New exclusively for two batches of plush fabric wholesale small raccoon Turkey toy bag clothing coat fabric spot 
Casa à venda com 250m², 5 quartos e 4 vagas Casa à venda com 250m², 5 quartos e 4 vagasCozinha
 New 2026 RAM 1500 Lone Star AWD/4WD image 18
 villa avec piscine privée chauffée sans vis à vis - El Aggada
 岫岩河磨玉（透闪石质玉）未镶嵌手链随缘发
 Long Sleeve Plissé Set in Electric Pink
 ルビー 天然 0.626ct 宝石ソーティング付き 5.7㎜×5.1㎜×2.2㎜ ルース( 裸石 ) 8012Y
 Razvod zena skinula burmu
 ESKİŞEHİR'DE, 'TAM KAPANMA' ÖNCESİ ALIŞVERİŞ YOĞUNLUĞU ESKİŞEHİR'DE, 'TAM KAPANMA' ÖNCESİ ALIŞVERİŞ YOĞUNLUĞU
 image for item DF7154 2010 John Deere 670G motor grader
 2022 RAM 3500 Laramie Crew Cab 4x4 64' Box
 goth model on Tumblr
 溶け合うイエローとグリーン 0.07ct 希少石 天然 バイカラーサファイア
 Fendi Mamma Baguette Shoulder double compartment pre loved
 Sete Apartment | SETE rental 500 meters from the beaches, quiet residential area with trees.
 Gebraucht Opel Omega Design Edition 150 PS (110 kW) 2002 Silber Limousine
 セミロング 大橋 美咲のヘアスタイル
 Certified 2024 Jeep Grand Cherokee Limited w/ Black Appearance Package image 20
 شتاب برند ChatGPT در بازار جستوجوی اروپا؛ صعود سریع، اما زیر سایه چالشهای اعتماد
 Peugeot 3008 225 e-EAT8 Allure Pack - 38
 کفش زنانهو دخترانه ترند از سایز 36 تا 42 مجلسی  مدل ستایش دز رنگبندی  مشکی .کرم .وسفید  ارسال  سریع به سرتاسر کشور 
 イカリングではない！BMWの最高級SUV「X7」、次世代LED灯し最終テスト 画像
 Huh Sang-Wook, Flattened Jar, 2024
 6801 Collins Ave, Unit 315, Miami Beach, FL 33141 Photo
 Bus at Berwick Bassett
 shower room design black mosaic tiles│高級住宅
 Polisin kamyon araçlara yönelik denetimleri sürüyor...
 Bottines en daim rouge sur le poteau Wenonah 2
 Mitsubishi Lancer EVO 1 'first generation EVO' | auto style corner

▶ Exercise description: Look through the entries above and count each line holding "image"; report the count alone.

▶ Final answer: 3